The repository contains three main scripts for ADMM-DAD: admm_mnist.py, admm_cifar.py, admm_speech.py.
The first two scripts train the model on the MNIST and CIFAR10 datasets respectively and create a folder named results_admm_dataset (dataset=MNIST or CIFAR10) containing examples of an original and reconstructed image from the corresponding dataset.
The admm_speech.py a) trains the model on the SpeechCommands and TIMIT datasets, depending on the choice of the user b) creates a folder named results_speech_admm containing examples of original and reconstructed raw speech samples from the corresponding dataset c) produces a checkpoint of the trained model. With this checkpoint, the user can run admm_extract_test_spectrograms.py to extract spectrograms of an example test raw audio file of TIMIT.
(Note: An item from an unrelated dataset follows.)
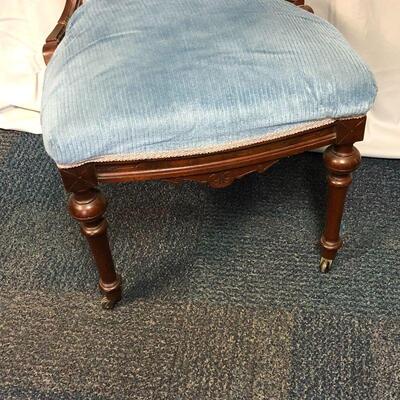 Lot 7 - Antique Victorian Parlor Chair LOCAL PICK UP ONLY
Some additional scripts in the repository are measure_speech.py, measure_clean.py and evaluate_robustness.py.
measure_speech.py implements the preprocessing on the raw speech samples of the whole SpeechCommands and TIMIT datasets, depending on the choice of the user.
measure_clean.py creates noiseless measurements of the raw speech samples of the whole SpeechCommands and TIMIT datasets, depending on the choice of the user.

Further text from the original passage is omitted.